TASK DIRECTIONS
Return the line that has "Condo in Lahaina" and all lines below it through the last, exactly as they stand; omit pictures.

Source data
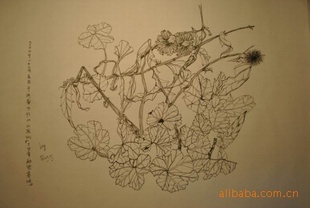 ڹֽֽ׿ֽ
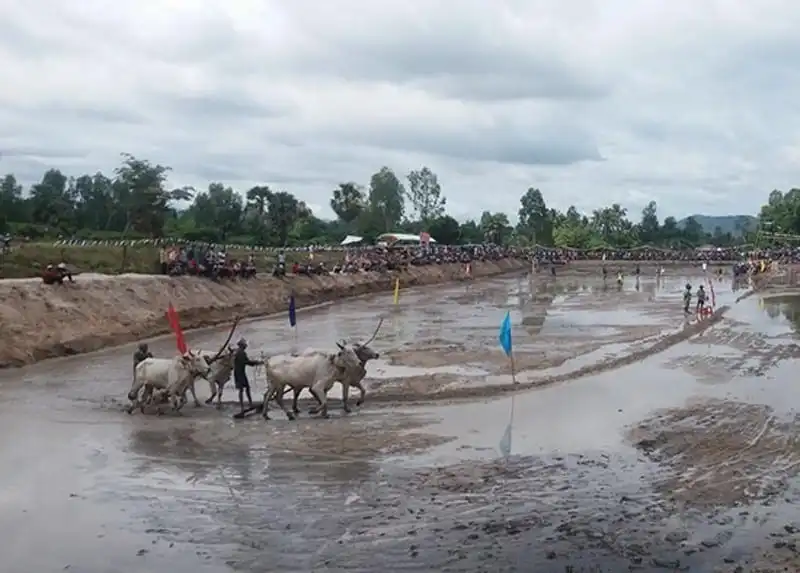 Sôi động hội đua bò Bảy Núi ở An Giang 6 wanderlust-tips-hoi-dua-bo-bay-nui-o-an-giang-2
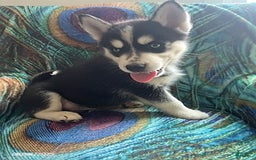 Pomsky dogs for sale: Riley - Image 3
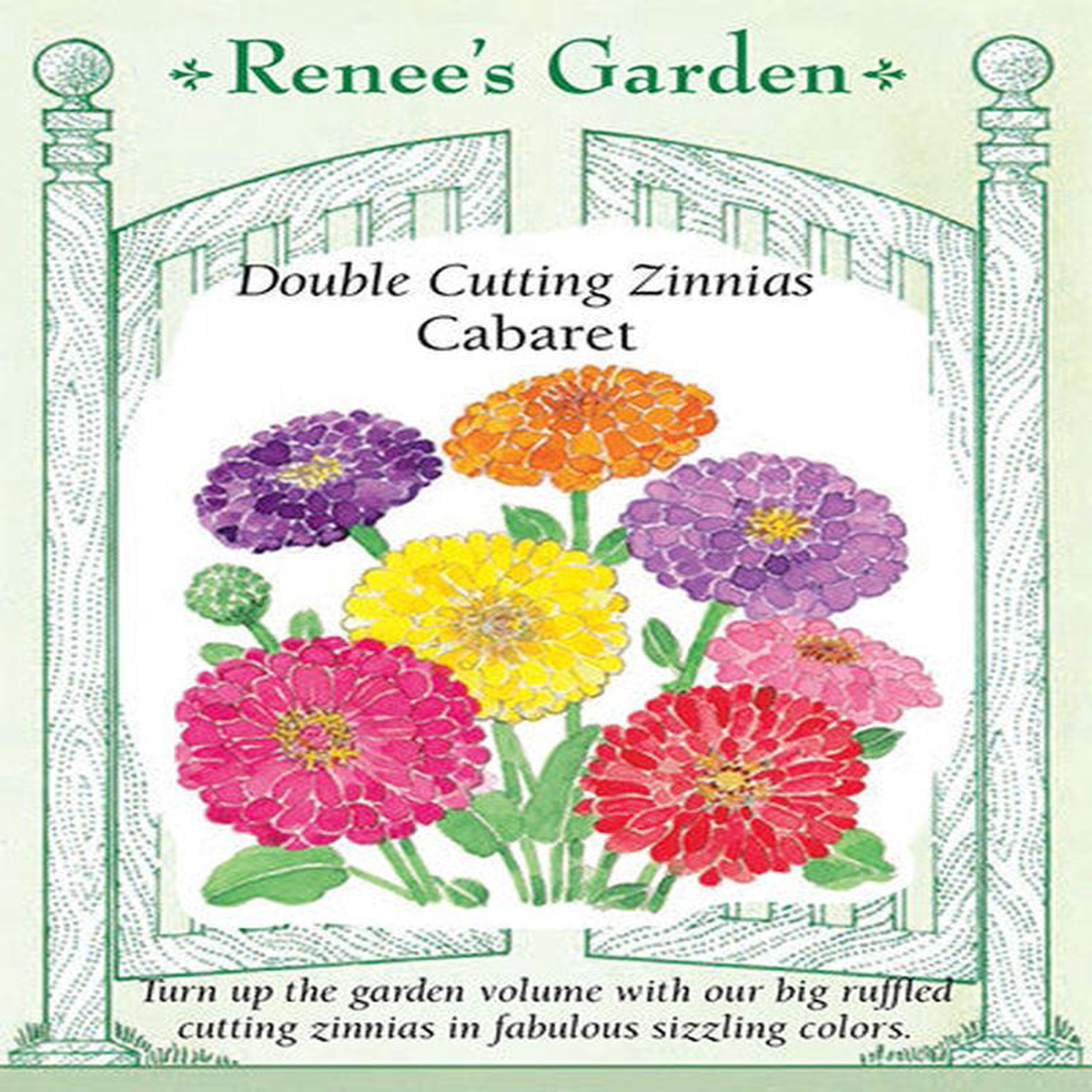 Zinnia Cabaret 8211 Renee8217s Garden
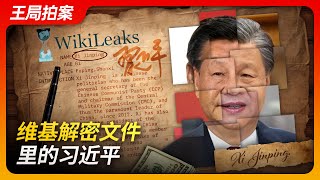 维基解密文件里的习近平｜阿桑奇｜李克强｜李源潮｜新疆｜西藏｜314事件｜75事件｜王局拍案20240703 [upl. by Irovi]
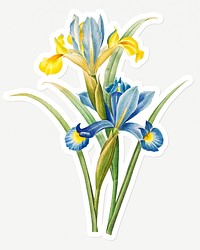 Spanish iris flower sticker design resource 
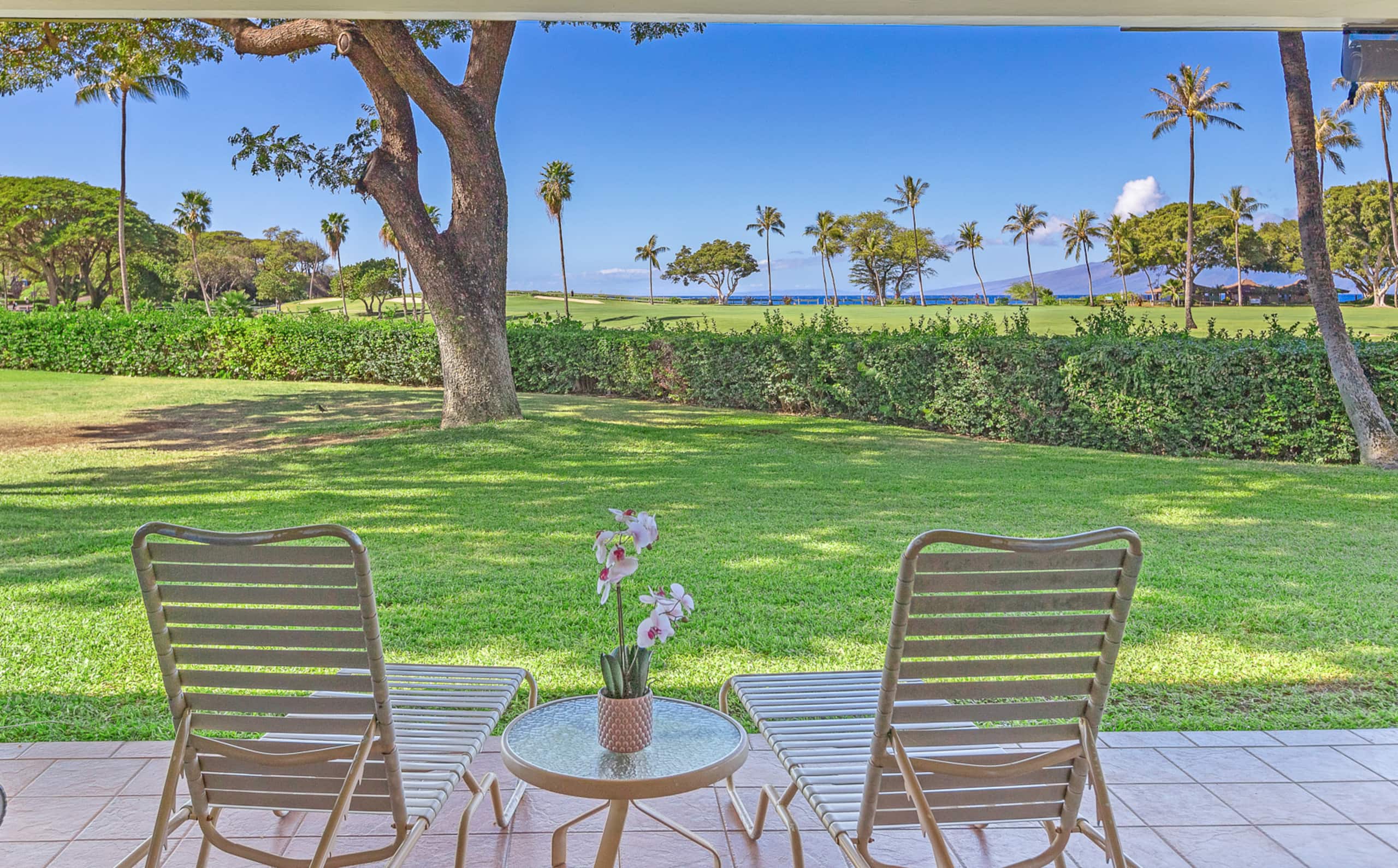 Condo in Lahaina · ★4.95 · 2 bedrooms · 4 beds · 2 private baths - Image 27
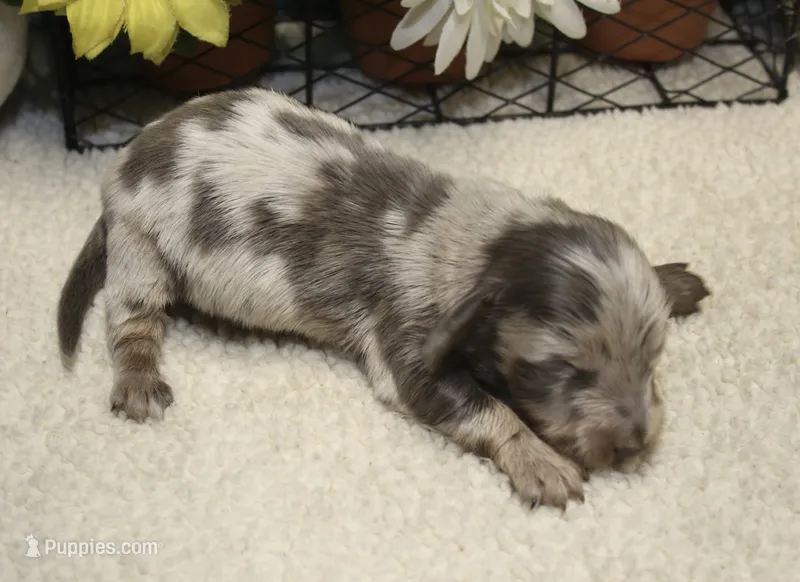 Lucas – Miniature Dachshund puppy for sale in Milan, IN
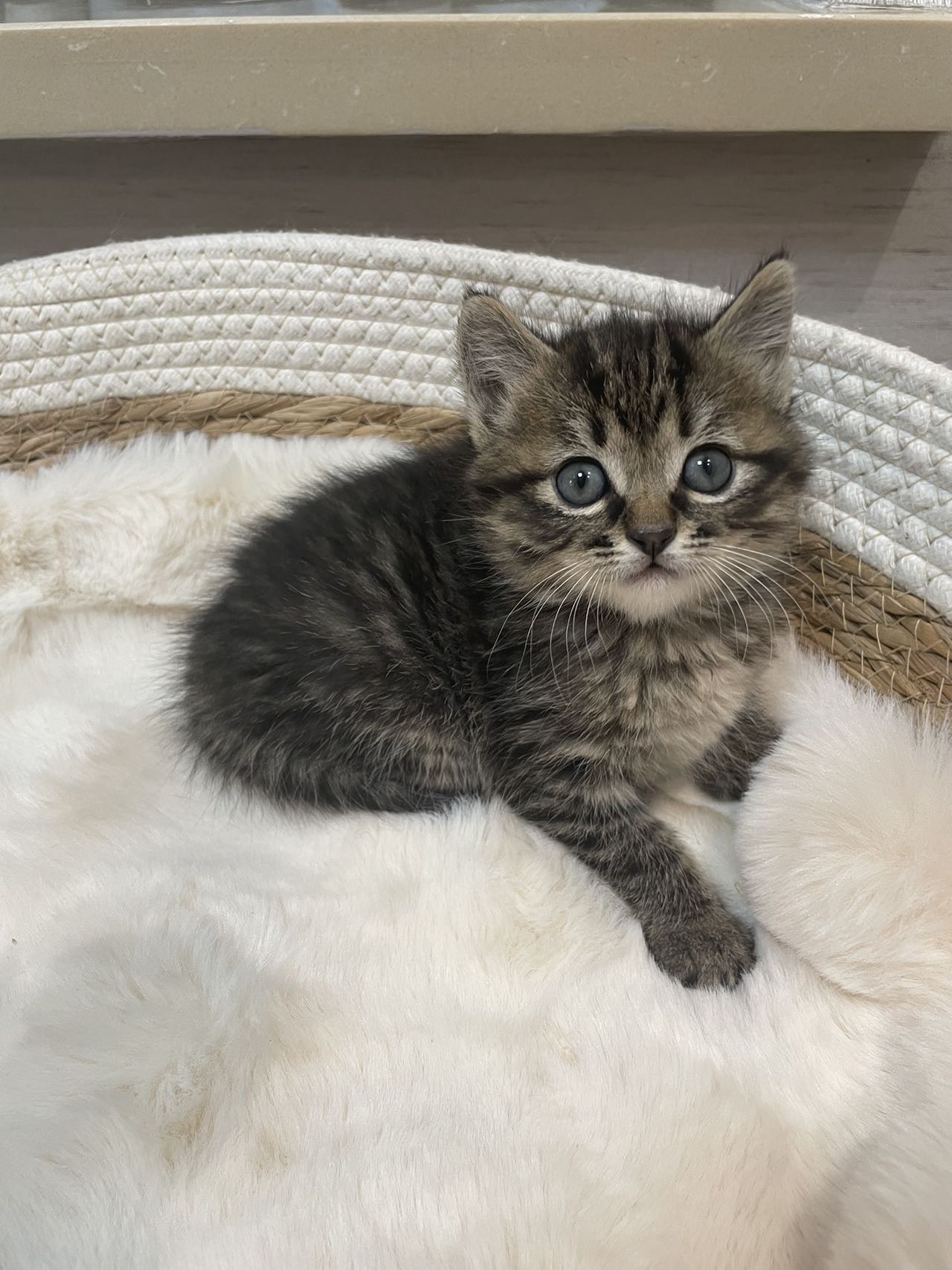 公园里发现一只小奶猫约40几天小狸花妹妹,活泼可爱,奶声奶气,能吃能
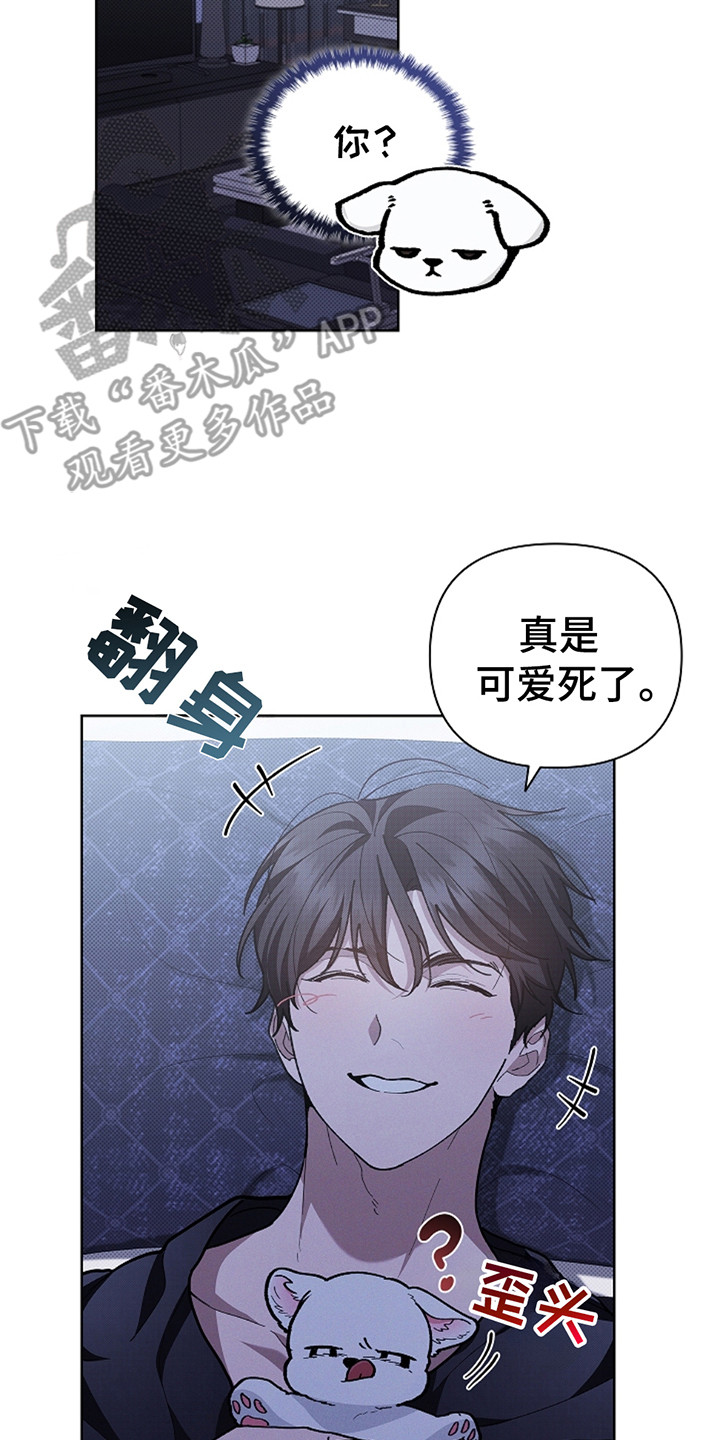 漫蛙漫画app下载官方免费漫画,第24章：嫉妒3图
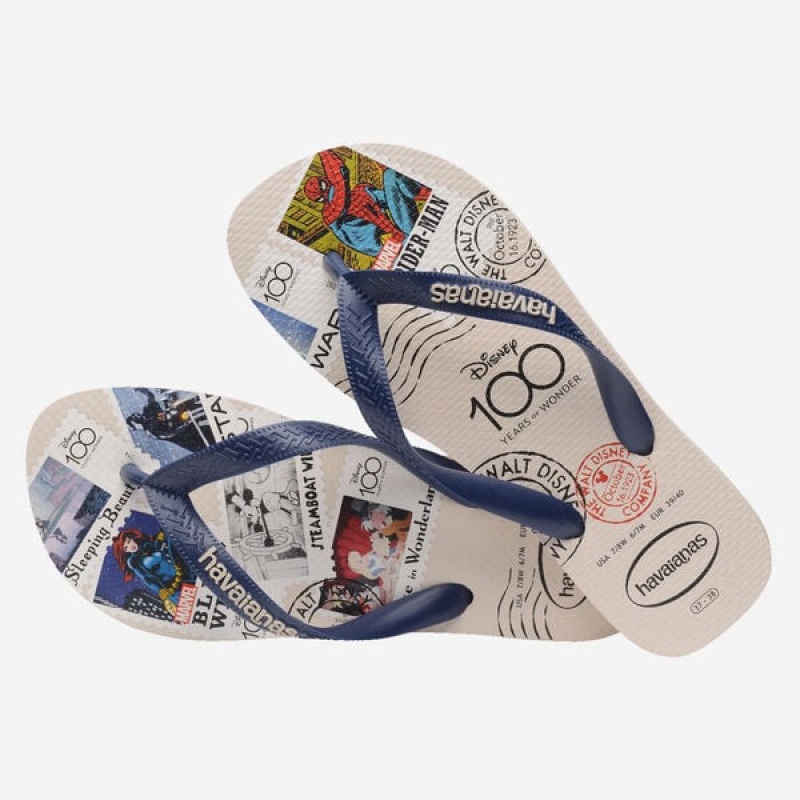 Havaianas Top 100 Past Men's Flip Flops | HJNPIF-140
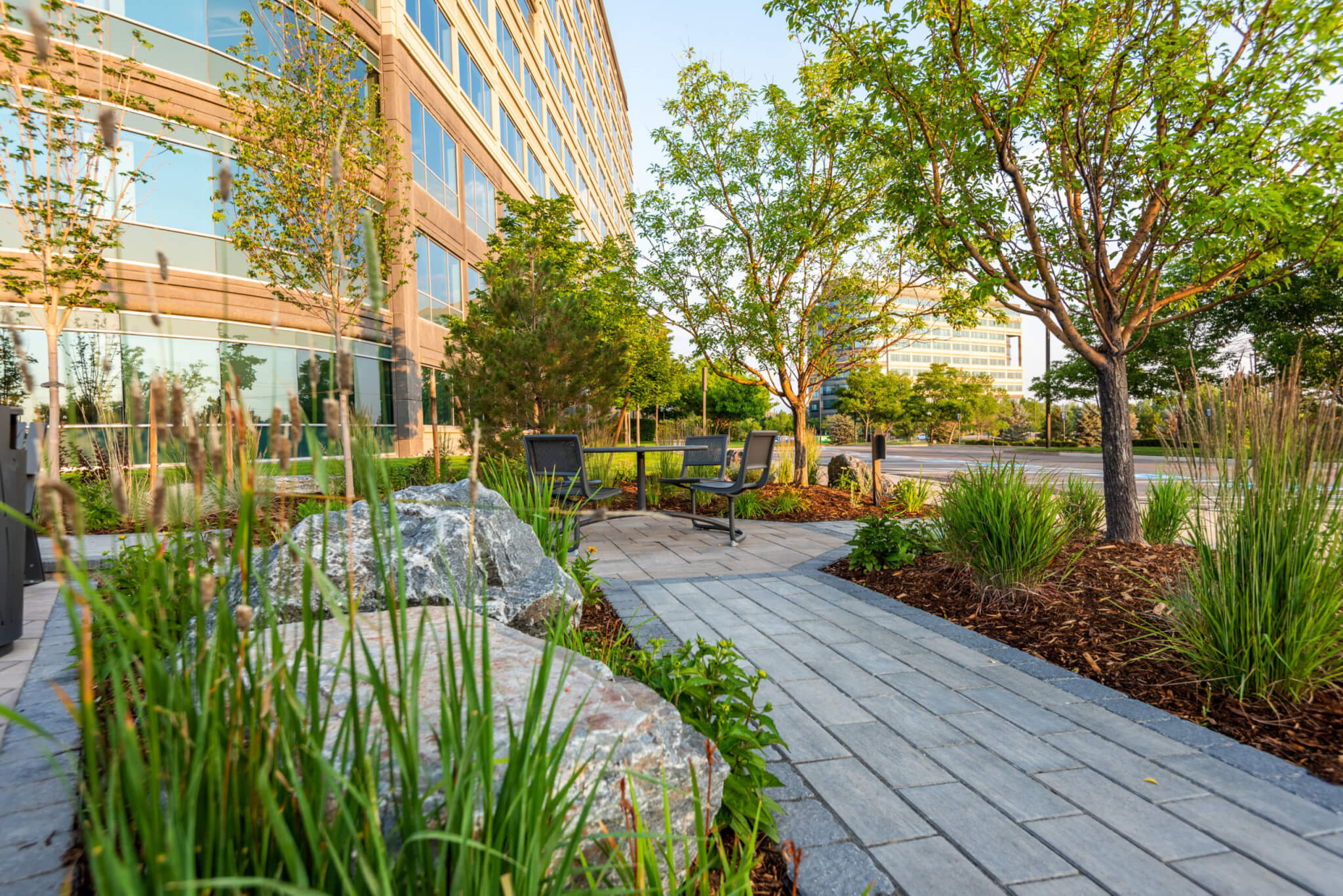 Sitting area with metal chairs and table along with grass plants and trees outside of the building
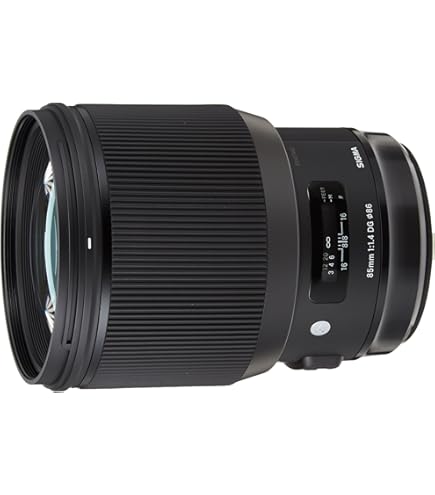 Amazon.com : Sigma 85mm F1.4 Art DG HSM : Electronics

YOUR SOLUTION
 Condo in Lahaina · ★4.95 · 2 bedrooms · 4 beds · 2 private baths - Image 27
 Lucas – Miniature Dachshund puppy for sale in Milan, IN
 公园里发现一只小奶猫约40几天小狸花妹妹,活泼可爱,奶声奶气,能吃能
 漫蛙漫画app下载官方免费漫画,第24章：嫉妒3图
 Havaianas Top 100 Past Men's Flip Flops | HJNPIF-140
 Sitting area with metal chairs and table along with grass plants and trees outside of the building
 Amazon.com : Sigma 85mm F1.4 Art DG HSM : Electronics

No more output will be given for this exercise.